Problem to solve
Once you find the line with "Schwein-Faltbuch-vierseitig-1.pdf" in the entries below, print it and each line after it up to and including the line with "Lot 6 PARK PLACE, Lac La Hache", exactly, without pictures.

+++ Input for this task

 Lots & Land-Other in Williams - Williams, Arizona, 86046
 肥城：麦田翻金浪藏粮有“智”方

++++++
+++ Input for this task

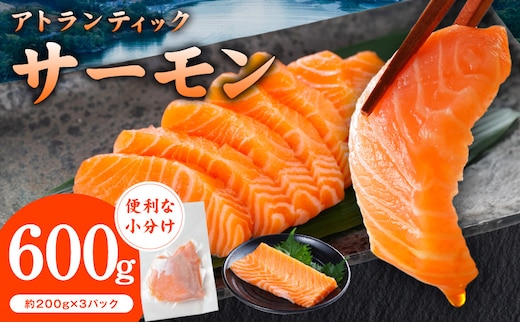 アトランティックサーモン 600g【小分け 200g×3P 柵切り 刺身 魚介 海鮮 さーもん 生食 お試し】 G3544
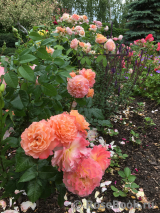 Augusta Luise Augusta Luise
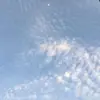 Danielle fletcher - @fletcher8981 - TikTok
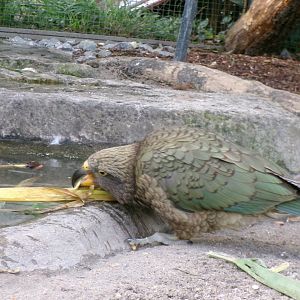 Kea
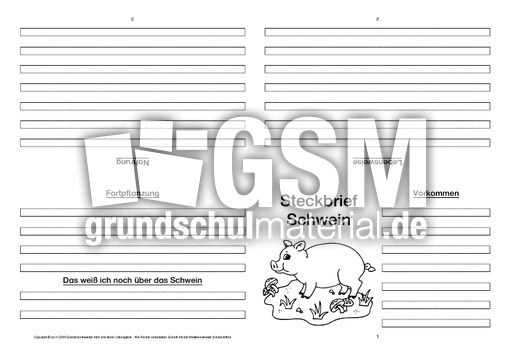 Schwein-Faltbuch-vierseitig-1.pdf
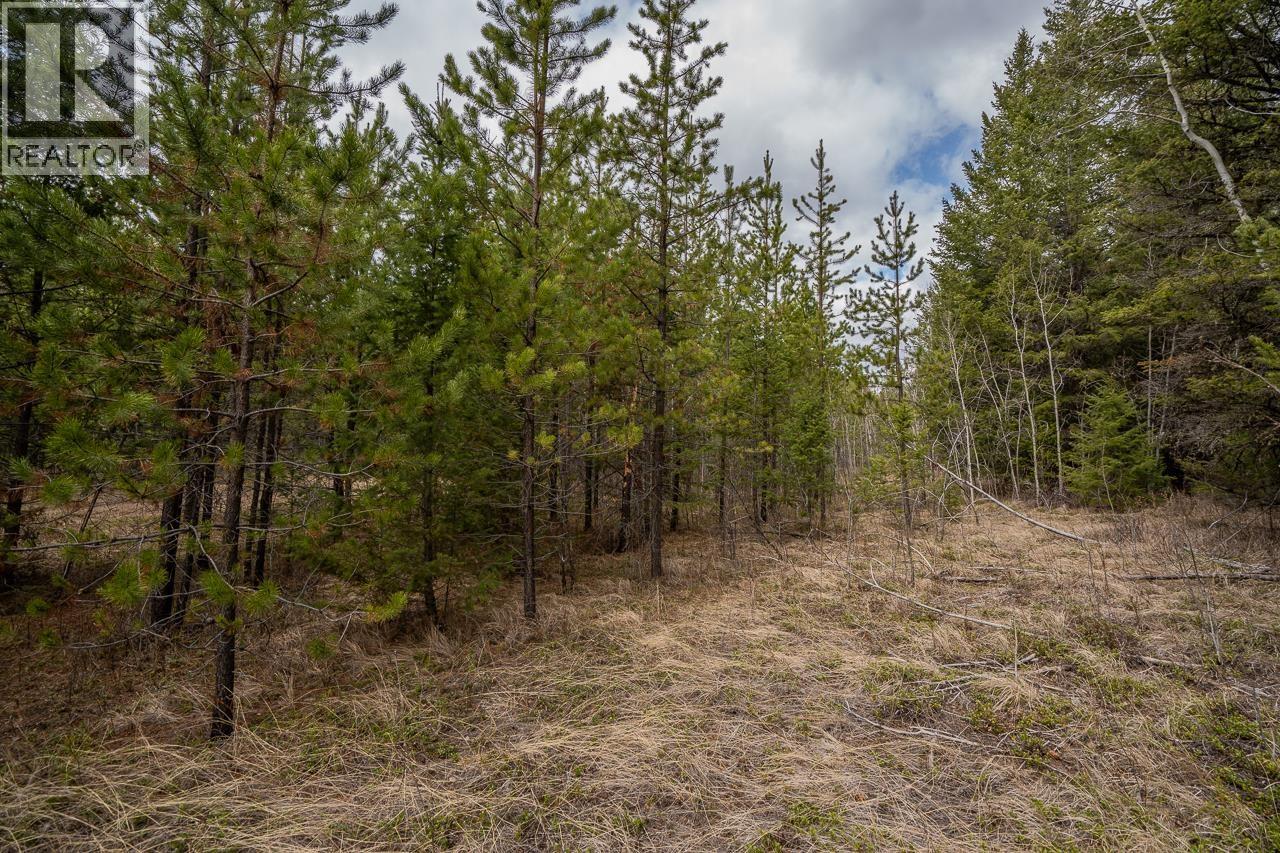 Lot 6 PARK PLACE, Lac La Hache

++++++
+++ Input for this task

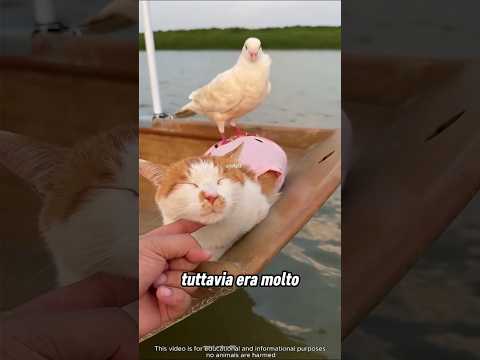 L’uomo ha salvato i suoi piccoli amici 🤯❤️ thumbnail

++++++

Result
 Schwein-Faltbuch-vierseitig-1.pdf
 Lot 6 PARK PLACE, Lac La Hache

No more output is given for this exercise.